EXERCISE MATERIALS
____
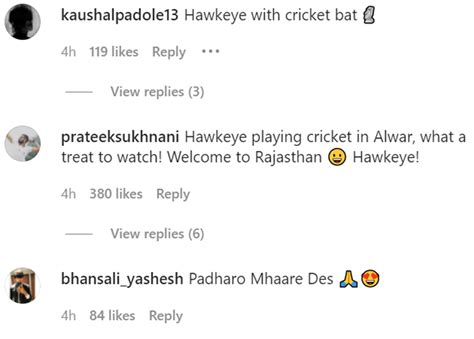 'Hawkeye' Jeremy Renner Plays Cricket With Kids In India & Excited Fans ...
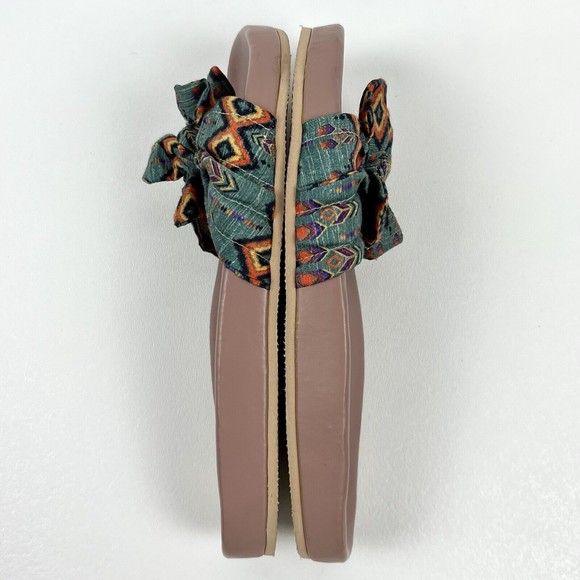 Payal Singhal X Fizzy Goblet Collaboration Sandals Sliders Mules Printed Vegan 9 - Picture 6 of 8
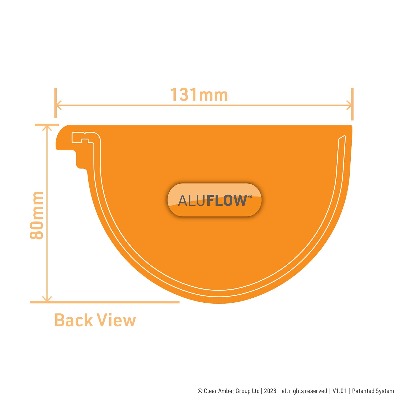 Gutter Deepflow Left Hand Stopend - All Colours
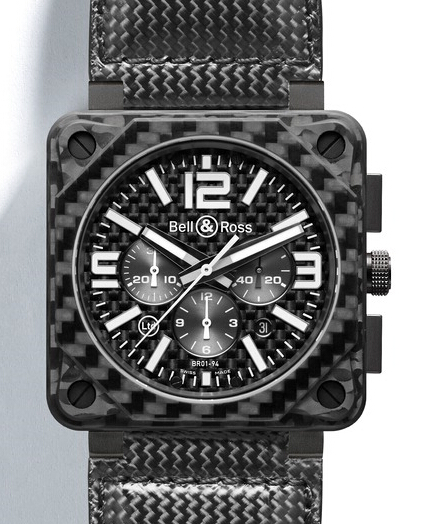 Bell & Ross Aviation BR 01-94 Carbon Fibre - BR0194-CA FIBER replica watch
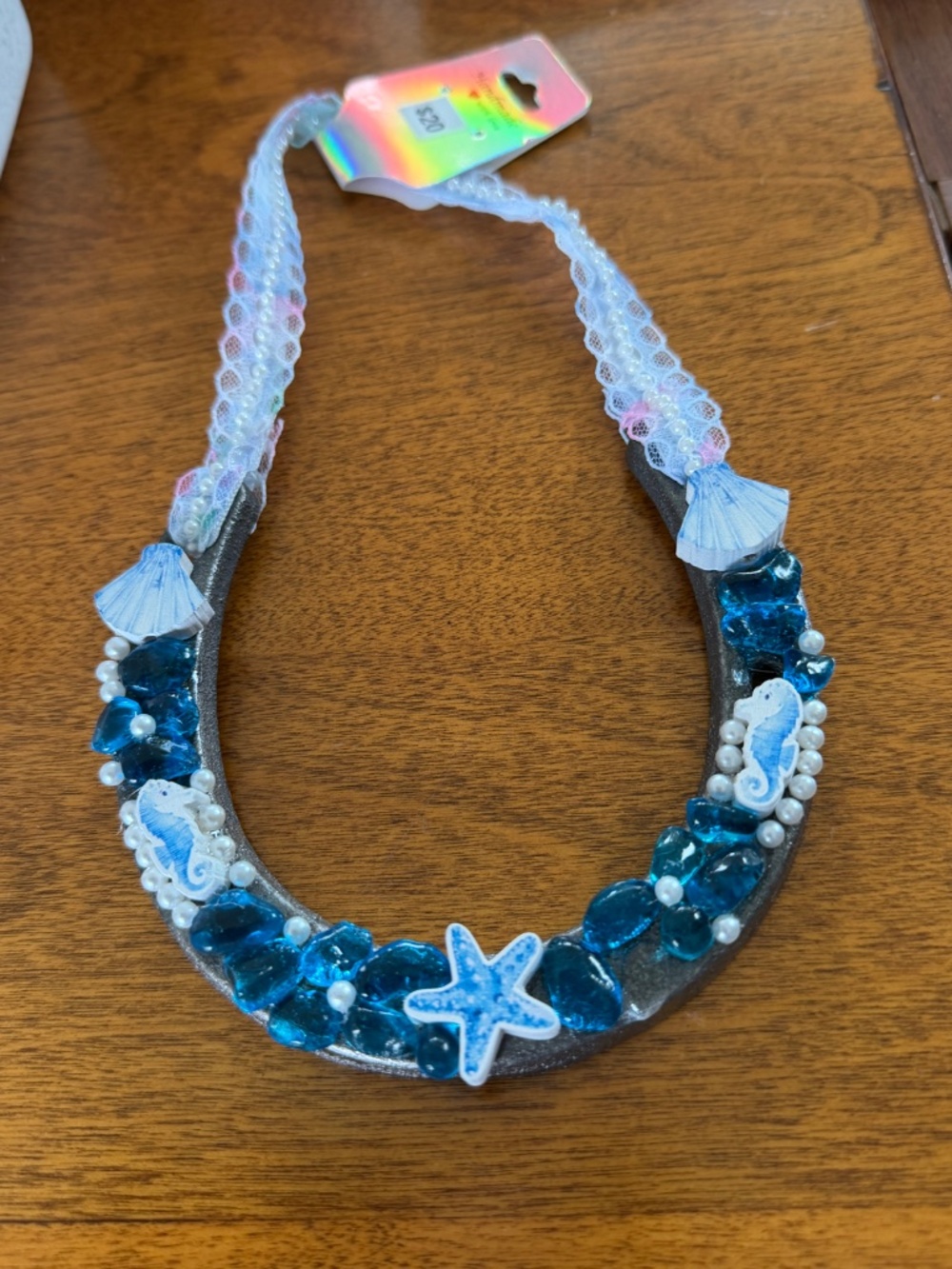 Good Luck Horse Shoe Sea Theme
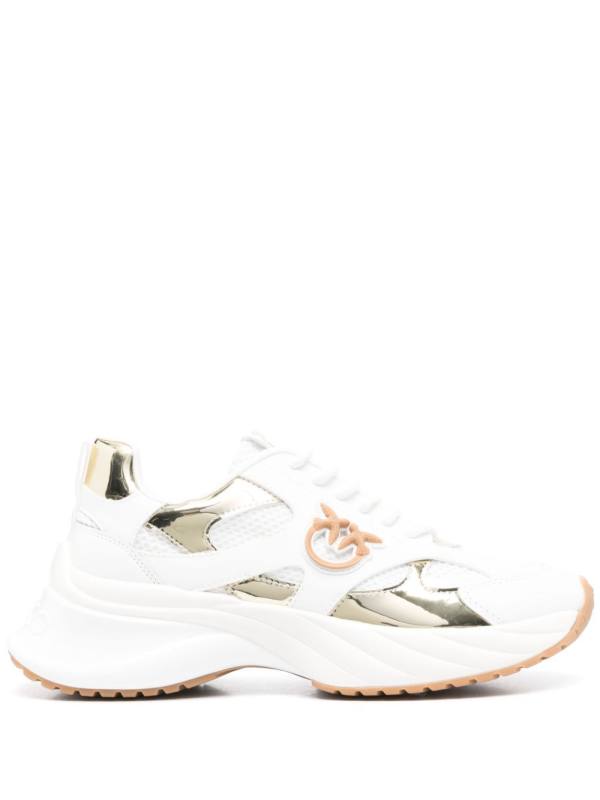 logo-patch mirror-detailed sneakers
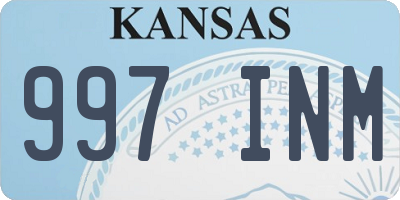 KS license plate 997INM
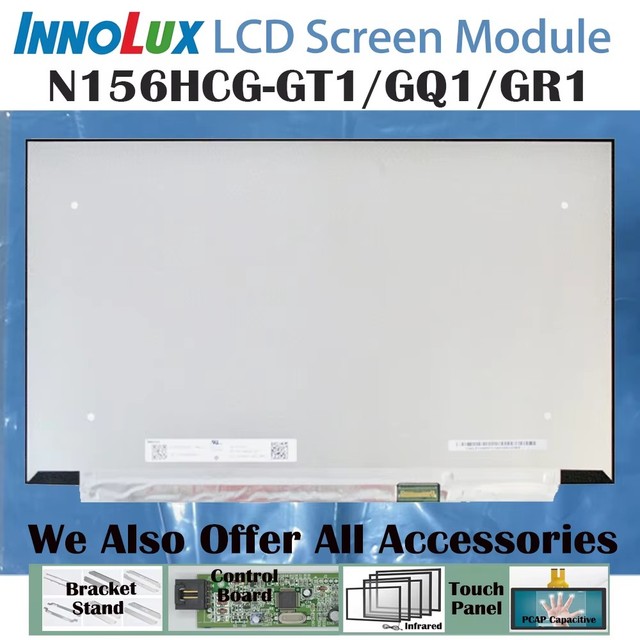 15.6" N156HCG-GT1/GQ1/GR1 LCD Screen 1500:1 1920x1080 HDR Industrial Laptop EDP 30Pins 60Hz Business Use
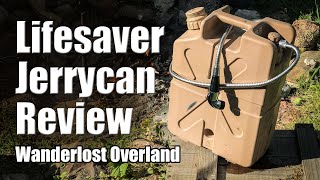 Water Filter Jerry Can Review For Camping And Overlanding [upl. by Aduhey]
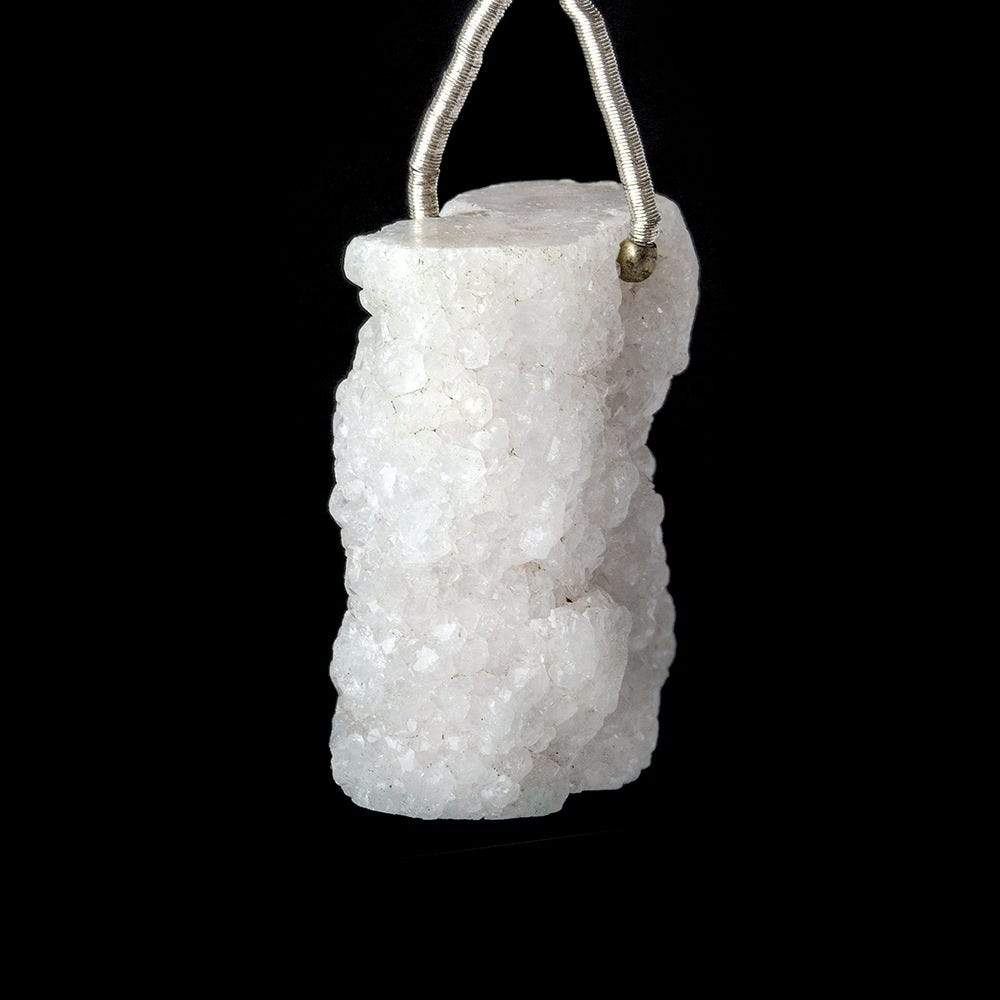 27x25x14mm Stalactite Drusy Natural Crystal Focal Bead 1 piece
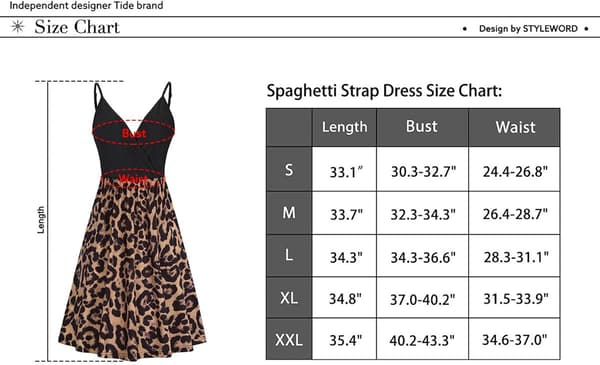 STYLEWORD Dam V-hals Blommig Spaghetti Strap Su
____
WHAT YOU WILL DO
Every line of the data above should be quoted exactly. Omit the pictures.

COMPLETED EXERCISE
 'Hawkeye' Jeremy Renner Plays Cricket With Kids In India & Excited Fans ...
 Payal Singhal X Fizzy Goblet Collaboration Sandals Sliders Mules Printed Vegan 9 - Picture 6 of 8
 Gutter Deepflow Left Hand Stopend - All Colours
 Bell & Ross Aviation BR 01-94 Carbon Fibre - BR0194-CA FIBER replica watch
 Good Luck Horse Shoe Sea Theme
 logo-patch mirror-detailed sneakers
 KS license plate 997INM
 15.6" N156HCG-GT1/GQ1/GR1 LCD Screen 1500:1 1920x1080 HDR Industrial Laptop EDP 30Pins 60Hz Business Use
 Water Filter Jerry Can Review For Camping And Overlanding [upl. by Aduhey]
 27x25x14mm Stalactite Drusy Natural Crystal Focal Bead 1 piece
 STYLEWORD Dam V-hals Blommig Spaghetti Strap Su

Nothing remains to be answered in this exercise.